About eight years ago, I worked as a Windows NT admin for the credit-card division of a large bank in Scotland, currently one of the largest in the world. It was a Friday around 5 p.m. when my team of three Windows admins discovered a problem on one of our main disk arrays: A nasty corruption had basically screwed up the whole drive array. For some reason we had problems with two drives on our RAID 5 array, and inexplicably the hot spare hadn't kicked in. The affected array held about 120GB of data and served as our main production File Server. But the serious problem we were facing was we had lost live production data.
Contained within the disk arrays was statistical information on credit-card user habits, demographics and other vital data used by the business analysts. The data on this partition was critical, so it was extremely important that we get the information restored as quickly as possible.
As it was already 5 p.m., and us being Scots, we all had urgent appointments in the pub that night. We decided to forego starting the restore that night, and instead agreed to start work early the next day around 9 a.m. We all went our separate ways and had a few beers, followed by a few more and a few more for good measure. I left the pub around 1:30 a.m. thinking I had to be in reasonably good shape for the restore effort. Sadly, as it turned out, I was the responsible one.
I came in at about 8:55 a.m. to find that only one of my colleagues was in the data center. The whites of his eyes were the color of red snooker balls. Our tasks that morning included replacing the failed disk, reconfiguring a new hot spare and reformatting the partition so that it could hold the restored data. My colleague had decided, despite his raging hangover, to start the reformat and restore process on his own.
The first step after putting in new drives was to reformat the affected partition. There was just one problem: My hungover colleague formatted the wrong partition. He managed take out yet another 120GB array.

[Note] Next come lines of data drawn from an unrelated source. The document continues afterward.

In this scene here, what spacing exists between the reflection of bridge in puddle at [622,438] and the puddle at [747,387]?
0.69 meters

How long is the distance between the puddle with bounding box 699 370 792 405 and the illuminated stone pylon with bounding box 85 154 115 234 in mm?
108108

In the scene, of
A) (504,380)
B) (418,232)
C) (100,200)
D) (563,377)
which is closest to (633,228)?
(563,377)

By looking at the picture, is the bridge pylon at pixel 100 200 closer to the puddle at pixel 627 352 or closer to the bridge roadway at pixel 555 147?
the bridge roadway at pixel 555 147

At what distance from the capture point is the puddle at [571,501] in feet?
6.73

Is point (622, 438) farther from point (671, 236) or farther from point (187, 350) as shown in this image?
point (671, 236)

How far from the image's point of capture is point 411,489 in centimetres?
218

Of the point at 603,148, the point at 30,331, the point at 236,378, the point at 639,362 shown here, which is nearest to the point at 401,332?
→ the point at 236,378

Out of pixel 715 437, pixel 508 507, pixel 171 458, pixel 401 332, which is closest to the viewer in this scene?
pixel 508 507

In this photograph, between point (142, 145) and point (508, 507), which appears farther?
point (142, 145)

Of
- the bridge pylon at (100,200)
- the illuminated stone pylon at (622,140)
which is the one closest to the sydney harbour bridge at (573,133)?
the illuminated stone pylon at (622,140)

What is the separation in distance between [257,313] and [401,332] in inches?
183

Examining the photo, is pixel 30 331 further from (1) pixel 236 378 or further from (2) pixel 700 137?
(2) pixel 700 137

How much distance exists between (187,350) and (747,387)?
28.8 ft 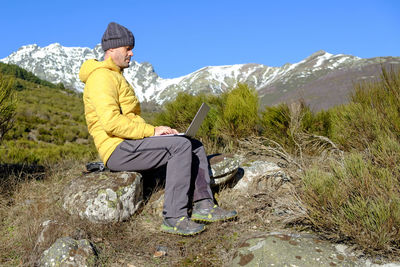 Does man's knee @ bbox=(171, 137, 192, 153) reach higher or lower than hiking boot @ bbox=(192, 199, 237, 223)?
higher

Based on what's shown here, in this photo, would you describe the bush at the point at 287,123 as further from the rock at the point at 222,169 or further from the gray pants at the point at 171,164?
the gray pants at the point at 171,164

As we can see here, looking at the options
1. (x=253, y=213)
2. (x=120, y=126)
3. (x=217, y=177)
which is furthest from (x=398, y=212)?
(x=120, y=126)

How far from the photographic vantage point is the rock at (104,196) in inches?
117

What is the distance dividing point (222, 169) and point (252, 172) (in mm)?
707

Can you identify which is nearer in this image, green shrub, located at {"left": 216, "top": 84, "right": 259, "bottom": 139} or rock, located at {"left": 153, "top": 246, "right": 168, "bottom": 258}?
rock, located at {"left": 153, "top": 246, "right": 168, "bottom": 258}

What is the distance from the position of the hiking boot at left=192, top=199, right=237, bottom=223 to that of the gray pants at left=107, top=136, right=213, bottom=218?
2.9 inches

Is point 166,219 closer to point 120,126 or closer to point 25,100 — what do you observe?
point 120,126

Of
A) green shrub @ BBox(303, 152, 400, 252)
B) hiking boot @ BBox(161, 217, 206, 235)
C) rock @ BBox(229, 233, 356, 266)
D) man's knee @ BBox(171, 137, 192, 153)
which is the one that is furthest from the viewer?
man's knee @ BBox(171, 137, 192, 153)

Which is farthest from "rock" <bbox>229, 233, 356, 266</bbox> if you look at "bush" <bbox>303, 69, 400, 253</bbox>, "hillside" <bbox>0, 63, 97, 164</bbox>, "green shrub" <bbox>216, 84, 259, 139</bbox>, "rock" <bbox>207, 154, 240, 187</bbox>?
"hillside" <bbox>0, 63, 97, 164</bbox>

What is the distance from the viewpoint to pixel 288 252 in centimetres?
228

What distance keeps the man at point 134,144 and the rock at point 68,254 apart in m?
0.74

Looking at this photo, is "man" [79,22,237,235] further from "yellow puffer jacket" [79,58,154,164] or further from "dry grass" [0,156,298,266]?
"dry grass" [0,156,298,266]

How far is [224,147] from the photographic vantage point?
6211mm

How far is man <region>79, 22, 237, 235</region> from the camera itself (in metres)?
2.89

As it turned out, the other two guys in my group, including the one who just nuked a working partition, had plans to go out of town that weekend. So naturally, I was left to restore both partitions myself.
Unfortunately, there was a wrinkle. We had implemented a new restore procedure but it had yet to be tested. The bank had just merged two separate credit-card companies, migrated to a new domain and moved to a different building. Complicating things further, I was relatively new to my job and had little experience with Backup Exec, the product we were using for our restore operation. To say that I was a little nervous would be an understatement.
The major issue was to restore as much as possible with as little impact as possible, including not letting the boss know just how badly we had bungled the initial recovery. It turned out to be both an extremely nerve-racking and boring weekend. We didn't have a tape robot, so I had to perform the restore and constantly change tapes as needed. In my spare time, I ended up writing scripts to re-share everything that I could think about, so that after the restore was complete, the shares could be re-created. No, our backups weren't very sophisticated in those days.
I finally got everything restored by about 3 a.m. on Monday and ran my scripts. I sent out a brief e-mail to the systems team, telling them I would be slightly late coming in.
The moral of the story? Never, ever mix critical-data recovery and alcohol consumption.
Chris Murdoch, the Wintel technical lead for the data center operations team at a financial institution in the San Francisco Bay Area, is a native of Scotland. He has a post-graduate degree in Information Systems and has 12 years experience in systems administration.